Antes de 1942, muitos fósseis foram levados para fora do país, como a coleção Peter Lund, doada por ele para a Dinamarca no século 19, e espécimes coletados por Friedrich von Huene e que hoje estão no museu da Universidade de Tübingen, na Alemanha. E olha que os dois paleontólogos foram muito importantes para a história da Paleontologia brasileira.
E então? Bem, pelo aspecto legal, somente em 1942 os fósseis foram oficializados como bens da nação, logo não haveria artefatos jurídicos que impedissem que saíssem nem que justificassem seu retorno. Entretanto, haveria alguns artefatos jurídicos da Constituição de 1988 que poderiam ser usados em auxílio. O artigo 20, nos incisos IX e X, dispõem sobre os bens da União, sendo que os fósseis podem ser enquadrados como tais, e o artigo 216, incisos II e III do parágrafo 1º, que dispõem sobre a universalização do acesso, o fomento à produção, difusão e circulação de bens e serviços culturais. Teoricamente, os fósseis brasileiros poderiam ser incluídos como bens e serviços culturais para garantir o direito universal ao acesso desses bens, podendo fazer parte da construção cultural e socioeconômica do seu local de origem.
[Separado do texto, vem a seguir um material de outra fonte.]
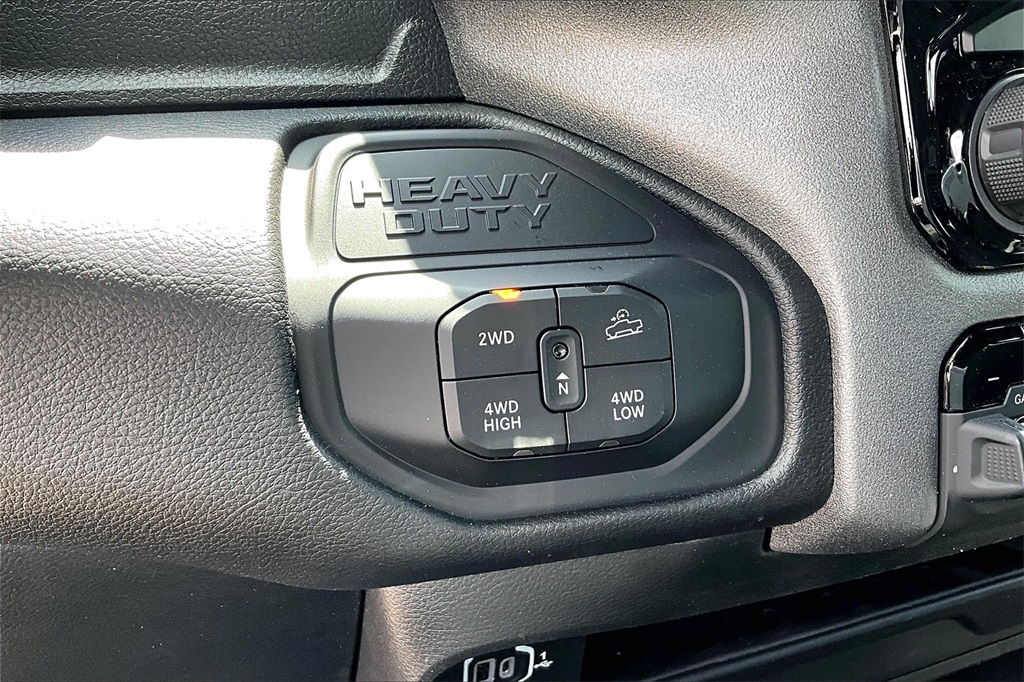 2026 Ram 2500 Tradesman photo 18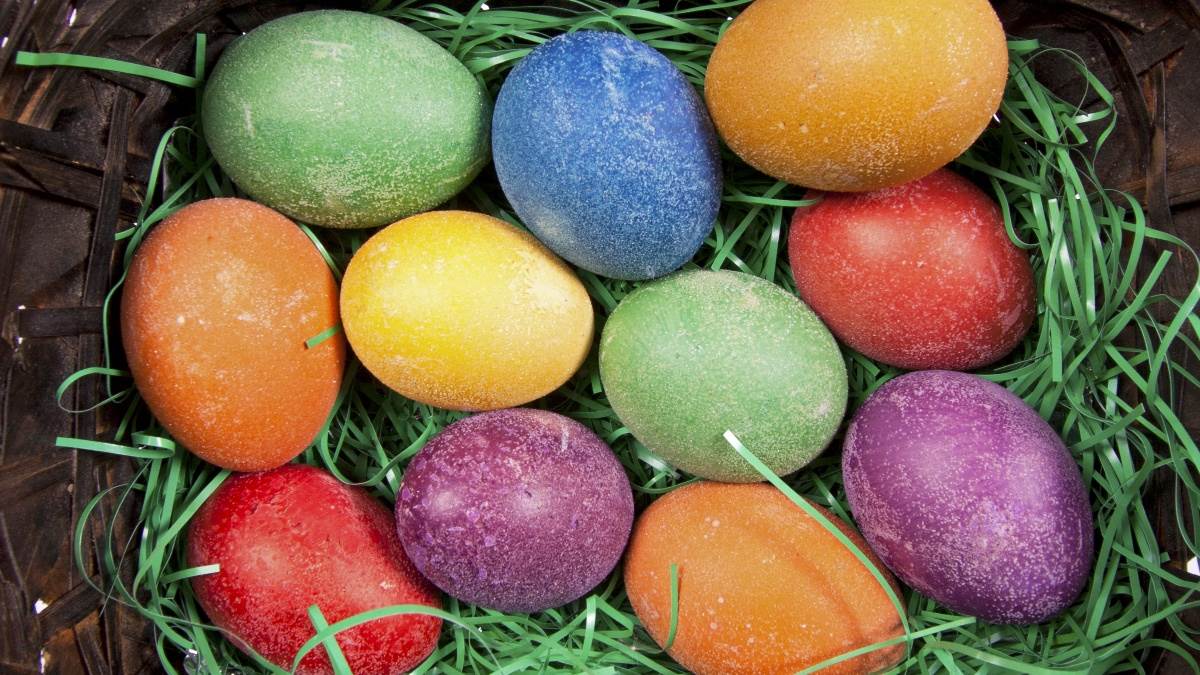 Farbanje jaja sa solju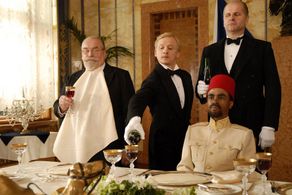 Ivan Barnev and Tonya Graves in I Served the King of England (2006)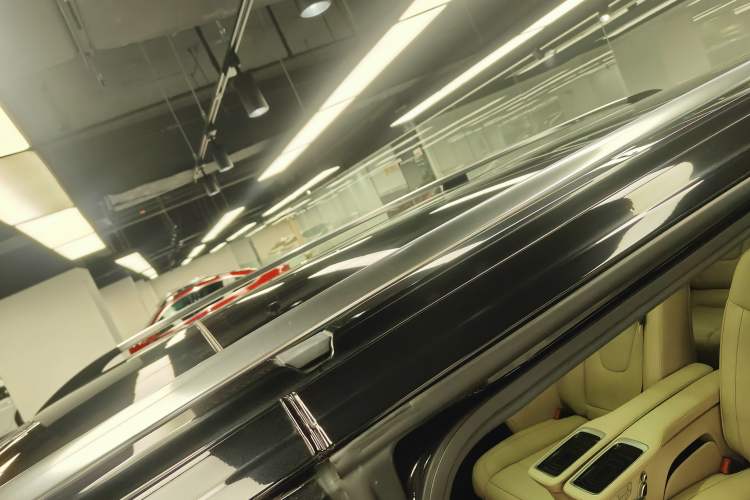 Used Mercedes-Benz V-Class 2020 V 260 L Long-wheelbase Luxury Edition Roof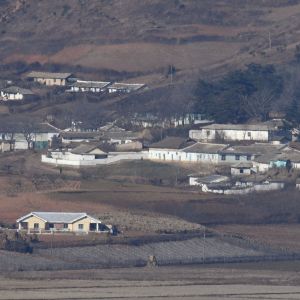 Bild tagen från den sydkoreanska sidan av gränsen. 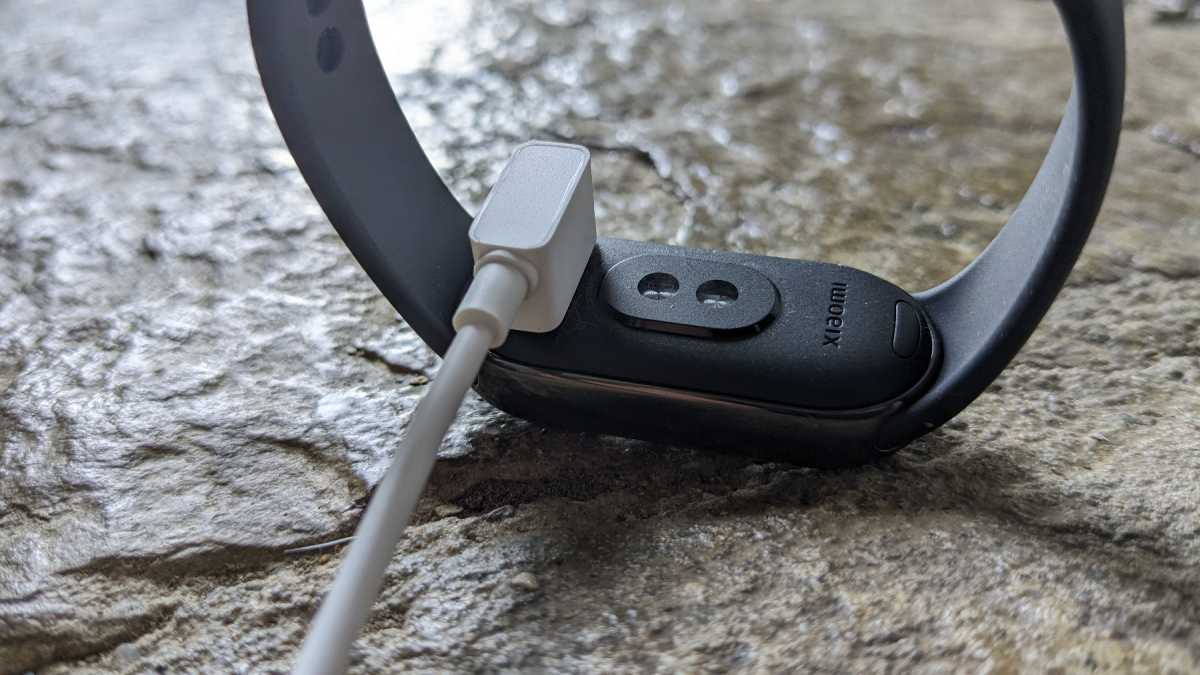 Charging the Xiaomi Smart Band 8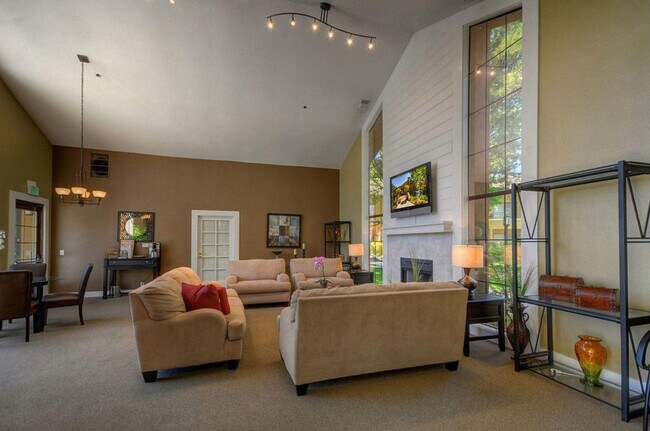 Building Photo - 401 Canyon Woods Pl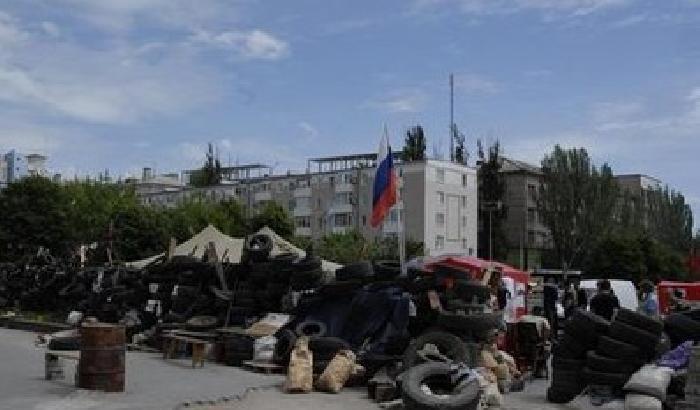 Caos in Ucraina: distrutte le urne a Donetsk
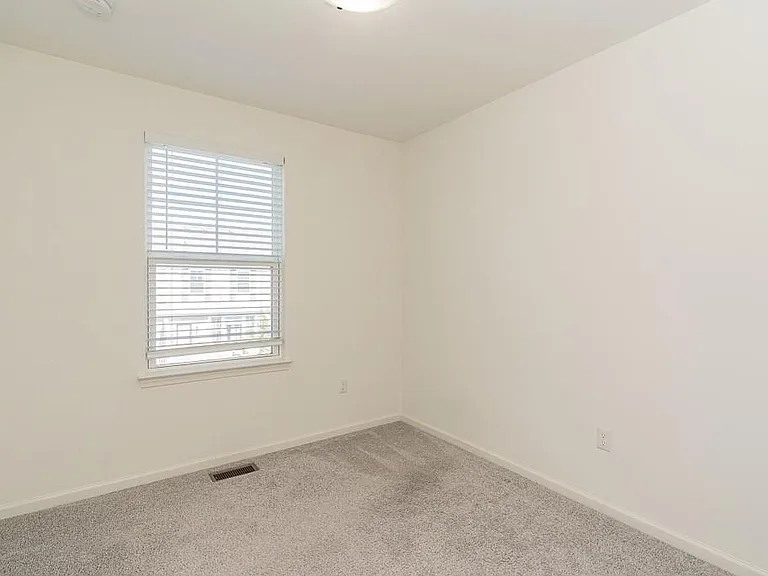 4637 Bradley Cir — Photo 18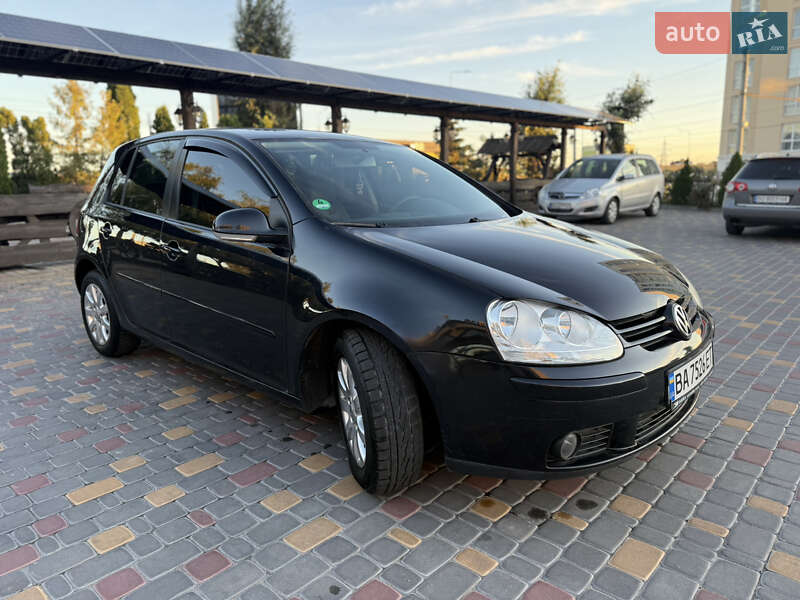 Хэтчбек Volkswagen Golf 2005 в Тернополе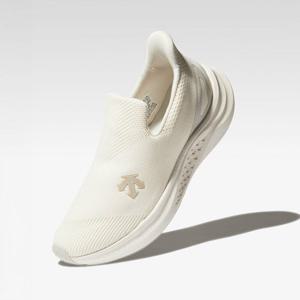 [데상트공식] 런 스텝 슬립온 SR123RRN31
Assim, poderia haver uma base legal, ainda que tardia, que argumente em favor da repatriação de fósseis que foram levados para fora do país antes do decreto-lei.
E do aspecto ético/moral? Ah, nesse daí o bicho pega. Os fósseis atraem muita curiosidade e aglutinam muitas pessoas ao seu redor, seja para coletá-lo, estudá-lo ou apresentá-lo ao público. Então, parece claro que traga bastante significado científico e interesse cultural. Como resultado, também trazem significado econômico, uma vez que atraem visitantes, pesquisadores ou turistas, para as regiões onde estão. Quando são muito estudados e geram muitas publicações científicas, os paleontólogos conseguem recursos para o desenvolvimento de seus trabalhos com infraestrutura, financiamento de bolsas para estudantes e atividades de coleta de outros fósseis. Om novos fósseis, por exemplo, podem ser encontrados e reativar o movimento cultural e científico na região.
Como dá para perceber, a região onde os fósseis são coletados se beneficia. Há bastante desenvolvimento ocasionado pela atividade paleontológica. Portanto, há muita coisa em jogo quando esses fósseis saem do país, onde todo esse benefício é capitaneado para o país e a instituição de destino do material, assim como para as pessoas que os estudam.
Dentro desse jogo, cria-se, como resultado, um desequilíbrio científico e financeiro, no qual pesquisadores estrangeiros constroem suas prestigiosas carreiras estudando fósseis não pertencentes ao seu país de origem; enquanto os pesquisadores do país de origem batalham para conseguir dinheiro para viajar para o estrangeiro e poder estudar fósseis que, outrora, deveriam estar no local de onde foram coletados. No ano passado, pesquisadores brasileiros e alemães discutiram esses aspectos de modo bastante simples e a imagem desse artigo foi adaptada para esse texto.
A resposta para a pergunta título não é simples. Em termos legais, não, os fósseis não deveriam ser repatriados. E esse é o fim da história para os processos legais. Agora em termos éticos, sim. Especialmente porque foi demonstrado todos os benefícios que os fósseis podem levar à região onde são encontrados.
Lembro também que a história humana envolve conflitos de poder e dominação sobre outros povos/países e há vários jeitos de exercê-los. O colonialismo foi posto em prática pelos europeus na América e, apesar de a prática ter sido extinta nas relações político-econômicas, o pensamento permanece nas relações científicas e, particularmente, sobre o pertencimento de fósseis. E o passado não deve ser esquecido para se decidir sobre a devolução, por estrangeiros, de artefatos que dizem respeito à história de seu país de origem.
Referências
– Constituição da República
– Correspondência na Nature sobre tráfico de fósseis –
Cisneros et al. 2021. The moral and legal imperative to return illegally exported fossils. Nature Ecology & Evolution.